Of course, providing advice on EEMs is something RICS expects when carrying out a homebuyer survey (see RICS commentary about the new Standard), so all surveyors advising on residential properties will need to have some familiarity with common EEMs.  There is certainly demand for such advice (RICS found that 78% of respondents would find it helpful if their surveyor could offer retrofitting advice when purchasing a property), but it will be difficult to provide detailed advice within the constraints of a standard survey and valuation.  It would be sensible to ensure that your terms of engagement are clear that you will not be providing detailed advice on EEMs unless specifically instructed to do so.

It will also continue to be important to be clear (not only in your own mind but also in your written agreement with the client) about which role you will be undertaking.  Particularly in smaller projects, "mission creep" is a real risk, which can result in the assumption of a greater responsibility than first envisaged (and quoted for) and make defending a complaint or claim more difficult. In particular, ensure that the terms of engagement are clear about whether you will be inspecting the property during the works and, if so, at what stages.
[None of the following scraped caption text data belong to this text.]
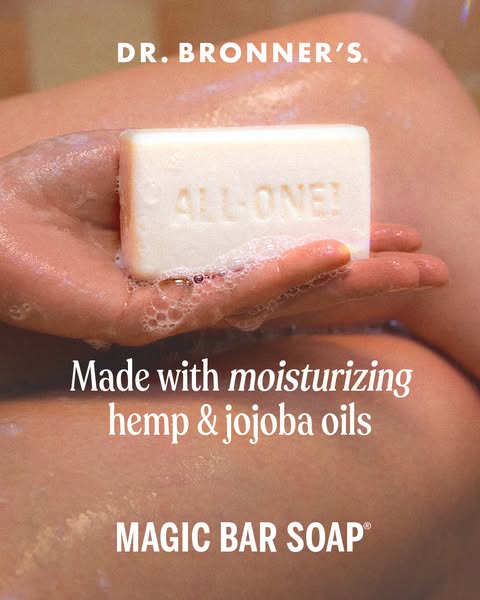 This ad features a close-up shot of a hand holding a bar of Dr. Bronner's soap, emphasizing its moisturizing propert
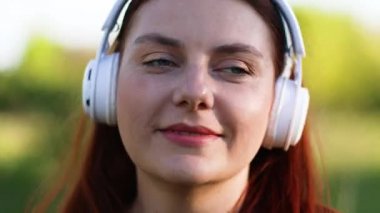 Beyaz kulaklık takan, sokakta gözleri kapalı müzik dinleyen ve dışarıda müzik dinleyen beyaz, mutlu bir kadın..
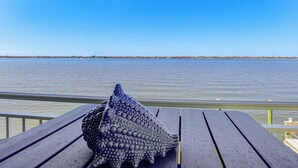 A wooden bench with a large stingray on it, overlooking a calm body of water with a distant shoreline. - Waterfront Resort Home! Extended Jensen Beach Stay (Jensen Beach)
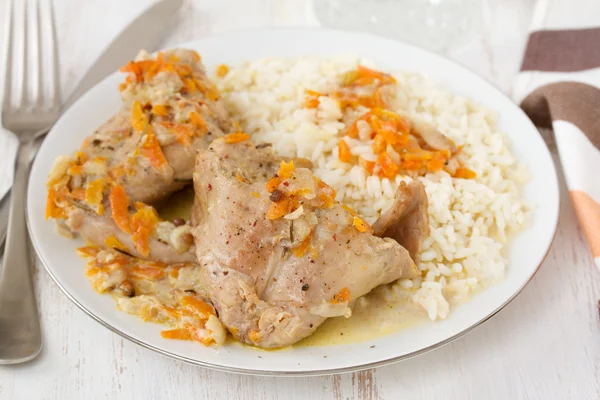 Rabbit with carrot and rice on plate — Stock Photo, Image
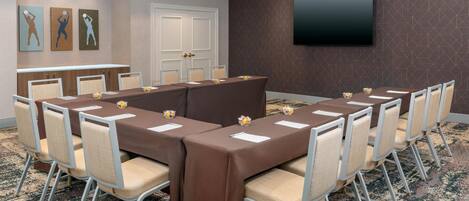 A conference room with a long table, chairs, a television, and artwork on the wall.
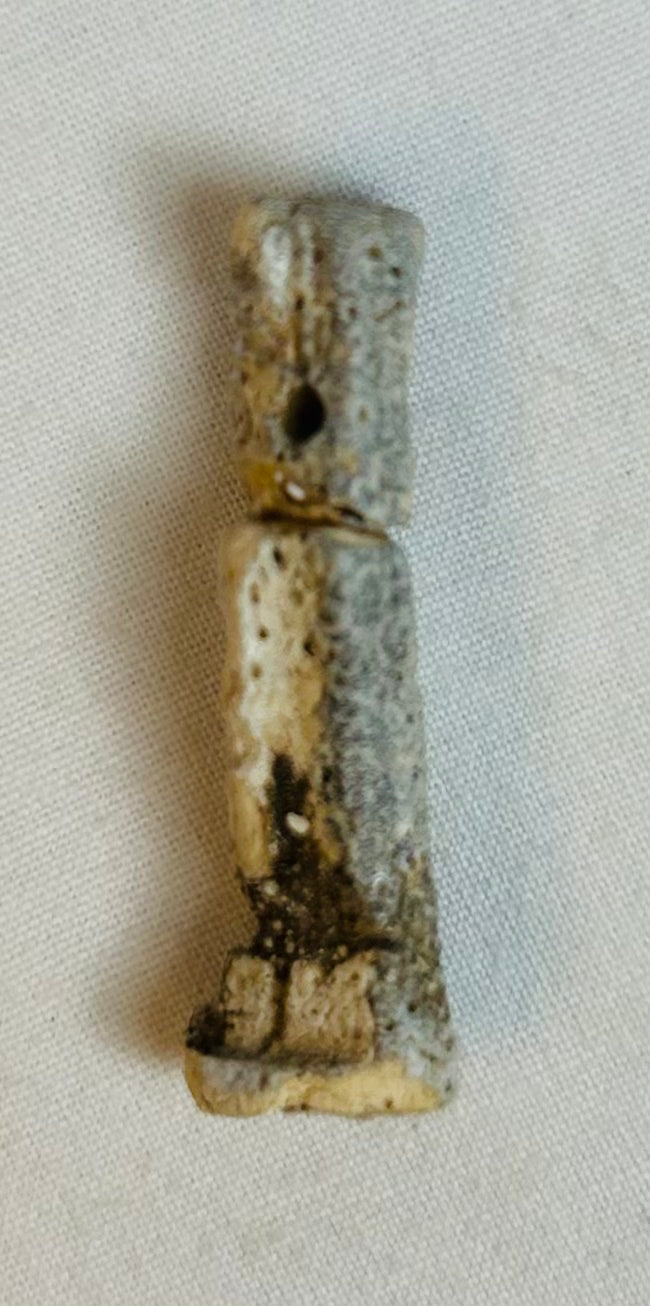 Heavily patinated Egyptian faience amulet displayed standing, circa 664–30 BCE.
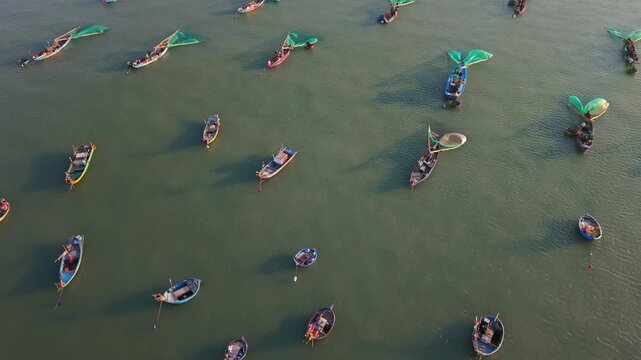 Vietnam, Da Nang Unified Crews Handle Nets Skillfully. Aligned Sailors Operate Round Boats Efficiently. Maritime Workers Coordinate Their Efforts To Cast Nets From Circular Boats Near Da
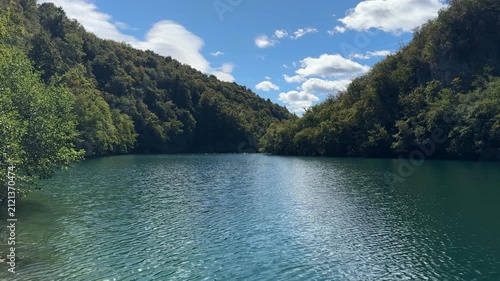 Rastovaca, Croatia - October 06, 2025: Plitvice Lakes National Park. Serene lake surrounded by lush green hills under a bright blue sky with fluffy clouds reflecting on water
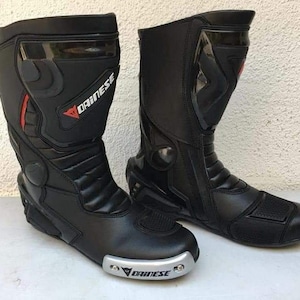 May include: A pair of black leather motorcycle boots with a silver Dainese logo on the side. The boots have a zipper on the side and a buckle on the top.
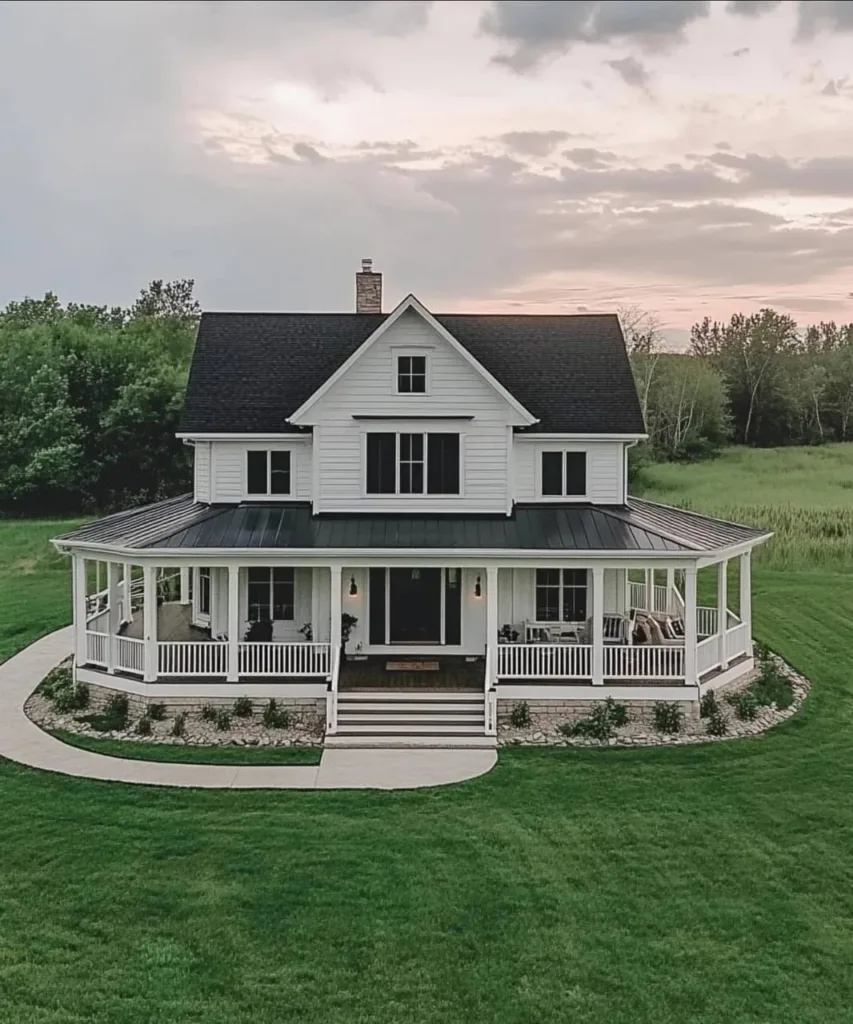 Modern farmhouse with white siding, a black roof, dormers, a side-entry garage, and surrounded by fall foliage.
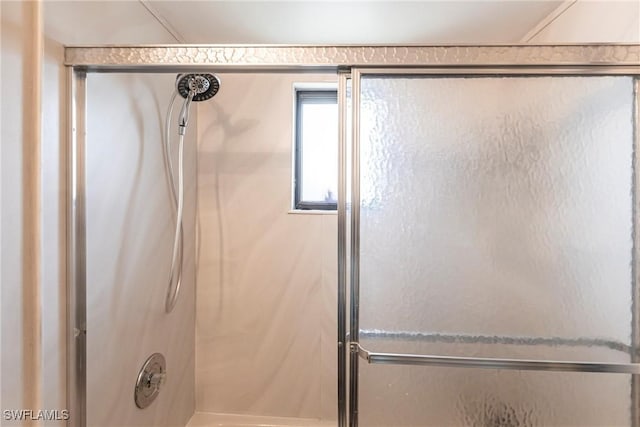 2127 SW Pine Ln Unit 3, Cape Coral, FL 33991 - bathroom featuring an enclosed shower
The new Standard recognises at 4.6 that advice on EEMs may change over time as global and regional legislation and practice and the property itself evolves.  This introduces an element of risk as practices evolve over time, so surveyors should be mindful of the risk of criticism for recommending an out of-date alteration or, conversely, failing to recommend a newer measure.  Keeping up-to-date with developments in this area will therefore be key to avoiding any claims on this basis, as will ensuring that any recommendations made are backed by evidence of their efficacy.